With retirement comes the time to relax and spend time with family and friends. It’s also a time to do things you love, such as travelling or pursuing hobbies. But what can elders do when facing financial difficulties? For them, lenders provide a form of equity release called lifetime mortgages. Using equity can be an excellent way to boost your income in retirement. But it’s crucial to be fully informed before making any decision, be it releasing equity or applying for a remortgage. Therefore, this article aims to be the starting point in your journey of understanding how a lifetime mortgage works.
How Does a Lifetime Mortgage Work?
As you make repayments on your mortgage, you slowly start to build up equity in your home. Equity is the portion of your property that you own outright. The more equity you have, the less money you need to borrow when taking out a lifetime mortgage. Equity release is when you borrow money against the value of your property.
Most lenders allow you to release equity in the form of lifetime mortgages. They are a type of loan that enable homeowners to borrow money against the value of their property. A lifetime mortgage gets repaid when the borrower dies or moves into long-term care. This loan can be an attractive option for retirees who want to release equity from their homes without having to sell up and move out.
Essential Details About Lifetime Mortgages
Before taking out any loan, it’s crucial to speak to a qualified financial advisor to ensure that it’s the right option for you.
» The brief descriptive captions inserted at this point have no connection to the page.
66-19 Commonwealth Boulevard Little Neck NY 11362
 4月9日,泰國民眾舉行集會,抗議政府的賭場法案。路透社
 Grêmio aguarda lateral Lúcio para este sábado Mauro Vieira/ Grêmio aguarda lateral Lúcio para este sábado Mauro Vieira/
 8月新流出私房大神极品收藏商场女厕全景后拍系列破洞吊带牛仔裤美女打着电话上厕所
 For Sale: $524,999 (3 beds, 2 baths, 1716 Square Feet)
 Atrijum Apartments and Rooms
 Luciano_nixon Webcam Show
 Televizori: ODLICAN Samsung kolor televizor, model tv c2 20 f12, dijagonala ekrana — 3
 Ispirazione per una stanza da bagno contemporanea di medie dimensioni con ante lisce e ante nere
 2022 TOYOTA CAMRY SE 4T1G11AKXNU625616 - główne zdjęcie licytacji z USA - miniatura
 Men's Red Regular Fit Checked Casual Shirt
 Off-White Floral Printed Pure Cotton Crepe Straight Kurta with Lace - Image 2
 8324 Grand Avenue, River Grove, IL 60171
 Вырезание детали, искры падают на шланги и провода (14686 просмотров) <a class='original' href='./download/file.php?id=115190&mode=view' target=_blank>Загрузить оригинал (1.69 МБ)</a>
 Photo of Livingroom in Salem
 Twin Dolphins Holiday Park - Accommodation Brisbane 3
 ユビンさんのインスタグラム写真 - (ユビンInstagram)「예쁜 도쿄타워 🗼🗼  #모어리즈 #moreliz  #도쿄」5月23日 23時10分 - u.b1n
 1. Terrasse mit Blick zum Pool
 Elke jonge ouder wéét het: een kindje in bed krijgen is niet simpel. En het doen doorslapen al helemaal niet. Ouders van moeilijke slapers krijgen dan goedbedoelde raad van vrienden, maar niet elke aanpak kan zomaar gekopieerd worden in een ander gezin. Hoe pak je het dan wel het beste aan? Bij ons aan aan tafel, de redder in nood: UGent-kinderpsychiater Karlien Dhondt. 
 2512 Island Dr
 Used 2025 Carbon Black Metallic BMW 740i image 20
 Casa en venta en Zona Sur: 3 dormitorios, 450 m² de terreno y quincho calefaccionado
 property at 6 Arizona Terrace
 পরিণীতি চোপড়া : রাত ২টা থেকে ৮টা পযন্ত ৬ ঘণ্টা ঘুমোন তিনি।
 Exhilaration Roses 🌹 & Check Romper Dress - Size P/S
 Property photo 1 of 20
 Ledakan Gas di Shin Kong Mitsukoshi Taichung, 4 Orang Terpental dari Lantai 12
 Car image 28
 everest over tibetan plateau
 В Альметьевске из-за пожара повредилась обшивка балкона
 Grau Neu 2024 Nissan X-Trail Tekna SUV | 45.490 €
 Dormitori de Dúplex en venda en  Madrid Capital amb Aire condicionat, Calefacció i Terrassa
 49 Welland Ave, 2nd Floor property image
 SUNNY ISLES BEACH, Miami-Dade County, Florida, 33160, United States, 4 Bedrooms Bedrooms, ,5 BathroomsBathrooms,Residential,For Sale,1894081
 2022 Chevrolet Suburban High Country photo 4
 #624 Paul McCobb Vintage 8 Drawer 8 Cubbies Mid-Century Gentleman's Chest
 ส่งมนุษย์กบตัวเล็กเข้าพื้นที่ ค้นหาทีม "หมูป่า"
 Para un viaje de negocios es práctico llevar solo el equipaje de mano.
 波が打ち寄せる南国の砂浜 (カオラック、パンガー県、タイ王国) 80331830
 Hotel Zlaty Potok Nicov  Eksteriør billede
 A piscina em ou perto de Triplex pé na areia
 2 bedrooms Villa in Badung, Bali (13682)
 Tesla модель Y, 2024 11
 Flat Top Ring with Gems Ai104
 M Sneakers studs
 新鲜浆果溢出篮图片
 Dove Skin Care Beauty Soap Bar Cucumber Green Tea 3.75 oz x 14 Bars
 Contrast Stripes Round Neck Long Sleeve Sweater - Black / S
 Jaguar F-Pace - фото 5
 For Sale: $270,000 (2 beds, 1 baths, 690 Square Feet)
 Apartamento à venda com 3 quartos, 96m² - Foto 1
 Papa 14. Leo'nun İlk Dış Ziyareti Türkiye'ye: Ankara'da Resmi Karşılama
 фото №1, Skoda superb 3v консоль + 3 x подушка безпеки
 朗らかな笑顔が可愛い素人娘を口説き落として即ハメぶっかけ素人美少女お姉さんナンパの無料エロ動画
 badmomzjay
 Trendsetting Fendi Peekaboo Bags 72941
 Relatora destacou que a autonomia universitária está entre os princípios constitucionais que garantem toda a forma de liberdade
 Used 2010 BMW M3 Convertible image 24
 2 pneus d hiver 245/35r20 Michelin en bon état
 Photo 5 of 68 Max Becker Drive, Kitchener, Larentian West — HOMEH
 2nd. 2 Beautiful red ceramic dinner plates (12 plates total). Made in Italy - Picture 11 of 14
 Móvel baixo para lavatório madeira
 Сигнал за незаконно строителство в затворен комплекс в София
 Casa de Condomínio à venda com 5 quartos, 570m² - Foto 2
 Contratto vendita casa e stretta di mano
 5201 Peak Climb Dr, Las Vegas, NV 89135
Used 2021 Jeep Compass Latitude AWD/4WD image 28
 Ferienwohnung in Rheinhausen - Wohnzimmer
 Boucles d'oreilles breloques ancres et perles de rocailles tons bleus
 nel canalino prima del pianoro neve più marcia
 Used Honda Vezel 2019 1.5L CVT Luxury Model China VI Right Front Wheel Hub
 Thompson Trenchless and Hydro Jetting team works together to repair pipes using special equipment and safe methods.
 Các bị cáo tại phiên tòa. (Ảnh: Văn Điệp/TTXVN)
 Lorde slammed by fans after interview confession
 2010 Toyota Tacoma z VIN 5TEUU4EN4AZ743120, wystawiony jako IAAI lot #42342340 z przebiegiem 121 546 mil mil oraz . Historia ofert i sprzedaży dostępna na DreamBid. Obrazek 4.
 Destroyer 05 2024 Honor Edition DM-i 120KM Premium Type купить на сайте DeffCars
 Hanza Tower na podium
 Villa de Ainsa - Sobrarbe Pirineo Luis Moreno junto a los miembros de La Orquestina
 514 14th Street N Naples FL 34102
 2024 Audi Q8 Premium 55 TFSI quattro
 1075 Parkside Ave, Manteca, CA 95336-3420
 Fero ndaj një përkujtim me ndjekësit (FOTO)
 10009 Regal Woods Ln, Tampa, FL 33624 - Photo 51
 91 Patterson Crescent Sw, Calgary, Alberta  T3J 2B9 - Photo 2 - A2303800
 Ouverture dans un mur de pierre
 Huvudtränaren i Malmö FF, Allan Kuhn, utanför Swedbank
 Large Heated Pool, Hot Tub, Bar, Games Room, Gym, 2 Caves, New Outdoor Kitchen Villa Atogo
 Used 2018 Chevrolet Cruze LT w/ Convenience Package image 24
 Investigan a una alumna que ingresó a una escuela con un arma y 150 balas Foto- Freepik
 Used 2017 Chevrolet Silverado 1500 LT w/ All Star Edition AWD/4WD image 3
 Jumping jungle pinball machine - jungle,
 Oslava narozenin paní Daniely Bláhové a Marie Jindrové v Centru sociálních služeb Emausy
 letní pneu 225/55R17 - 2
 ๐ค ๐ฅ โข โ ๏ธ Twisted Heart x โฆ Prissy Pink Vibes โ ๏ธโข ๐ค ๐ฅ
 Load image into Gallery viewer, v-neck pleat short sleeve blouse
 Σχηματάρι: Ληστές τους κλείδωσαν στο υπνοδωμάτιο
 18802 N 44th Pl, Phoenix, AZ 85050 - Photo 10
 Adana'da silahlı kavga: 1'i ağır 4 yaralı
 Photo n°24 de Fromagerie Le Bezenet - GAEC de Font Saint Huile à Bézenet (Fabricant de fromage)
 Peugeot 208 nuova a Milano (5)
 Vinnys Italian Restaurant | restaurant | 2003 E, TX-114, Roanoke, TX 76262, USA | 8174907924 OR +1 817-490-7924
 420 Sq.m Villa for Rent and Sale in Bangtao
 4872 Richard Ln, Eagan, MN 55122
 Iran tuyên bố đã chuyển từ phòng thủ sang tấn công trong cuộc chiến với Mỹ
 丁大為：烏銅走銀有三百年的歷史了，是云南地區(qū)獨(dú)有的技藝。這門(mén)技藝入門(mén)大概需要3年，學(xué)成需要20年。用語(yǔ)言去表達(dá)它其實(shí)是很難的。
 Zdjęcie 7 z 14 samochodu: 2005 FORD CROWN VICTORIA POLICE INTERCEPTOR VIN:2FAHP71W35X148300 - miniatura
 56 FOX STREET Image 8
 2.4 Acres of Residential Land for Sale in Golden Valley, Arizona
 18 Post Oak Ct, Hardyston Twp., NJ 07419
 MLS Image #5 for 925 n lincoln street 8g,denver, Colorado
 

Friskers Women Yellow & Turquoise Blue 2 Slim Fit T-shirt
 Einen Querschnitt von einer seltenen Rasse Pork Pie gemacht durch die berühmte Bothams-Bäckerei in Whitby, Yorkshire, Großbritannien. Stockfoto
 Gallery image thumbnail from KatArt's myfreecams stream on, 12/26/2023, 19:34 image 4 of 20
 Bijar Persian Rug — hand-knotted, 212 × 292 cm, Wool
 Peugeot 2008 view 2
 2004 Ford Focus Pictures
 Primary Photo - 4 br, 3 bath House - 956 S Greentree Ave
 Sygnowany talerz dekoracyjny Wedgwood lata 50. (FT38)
A mortgage broker will explain the things you need to know about lifetime mortgages, such as:
· Eligibility Criteria
You can usually apply for a lifetime mortgage if you’re aged 55+. But some lenders will only accept applications from people aged 60+. And some will only lend to homeowners who are retired. To be eligible, you must also own your property outright or have a small mortgage that you can pay off with the lifetime mortgage.
· Interest Rates
With a lifetime mortgage, you usually pay interest at a fixed rate. As a result, your repayments will stay the same for the loan duration – typically between 15 and 30 years. The interest rate applied to you will depend on various factors, including your age, the value of your property and the amount you want to borrow.
· The Maximum Loan’s Value
How much equity you can release with a lifetime mortgage depends on the value of your property and your age. Most lifetime mortgage providers will let you borrow between 20% and 60% of the value of your home. But some will lend more if you’re aged 65+.
The Pros and Cons of Releasing Equity
There are a few costs associated with equity release schemes, such as arrangement fees, valuation fees, and other legal fees. You may also have to pay an early repayment charge if you want to repay the loan early. However, this is usually only applicable during the first few years of the loan.
Many people choose to take out a lifetime mortgage due to its benefits:
- You can stay in your home for as long as you want;
- You don’t have to make any monthly repayments;
- Due to the fixed interest rate, you’ll know how much your loan will cost over time.
On the other hand, you should be aware of the drawbacks to lifetime mortgages:
- They typically have higher interest rates than standard mortgages, which means the loan will cost more over time;
- They can reduce the value of your estate and may affect your eligibility for certain benefits.
What Schemes Are Available to You?
If you’re interested in taking out a lifetime mortgage, you should know there are two options for you. They work the same way but distinguish by how you can access the money. The amount you can borrow will depend on your age and the property’s value. The two types of lifetime mortgage are:
· Lump Sum
A lump sum lifetime mortgage allows you to release a one-off amount of tax-free cash from your property. With it, you should be able to borrow up to 50% of the value of your property. But some lenders will allow you to take out more if you’re 65+. If you want to release additional amounts of cash from your property later, you can usually do this by taking out a further advance with your existing lender.
With a drawdown lifetime mortgage, you don’t have to take all the money you’ve released in one go. Instead, you can take a smaller amount initially and then release more money later on – up to the maximum loan amount. Drawdown can be helpful if you only need the money for a specific purpose, such as home improvements. It can also give you peace of mind, knowing that you have the option to release more money if your circumstances change in the future. Moreover, the lender charges interest only on the money you’ve borrowed so far, not the total amount of the loan.
Things to Consider Before Applying for A Remortgage
Even though you believe getting a remortgage can be of great help, it is best to follow this road carefully. Firstly, lifetime mortgages are a long-term solution. However, there may be circumstances where you need to repay the loan early, such as if you move or go into long-term care. If this happens, you may have to pay an early repayment charge. But while some lenders will let you transfer the loan to your new property, others may require you to take out a new loan.
Secondly, you should always speak to your family before taking out a remortgage, as this decision will affect them too. For example, they may need to help you with repayments if you fall behind, or they may inherit less money. Similarly, it’s also a good idea to speak to an advisor before applying for a lifetime mortgage. They will be able to help you compare deals and find the best option for your needs. They can also answer any questions you have about remortgaging your property.
Finally, after assessing your needs and financial circumstances, you will be ready to follow the best course of action. In the end, a remortgage is a valuable way to release equity from your home and to live a care-free retirement. But before applying, carefully consider the interest rate, the costs, your family, and most importantly, your well-being.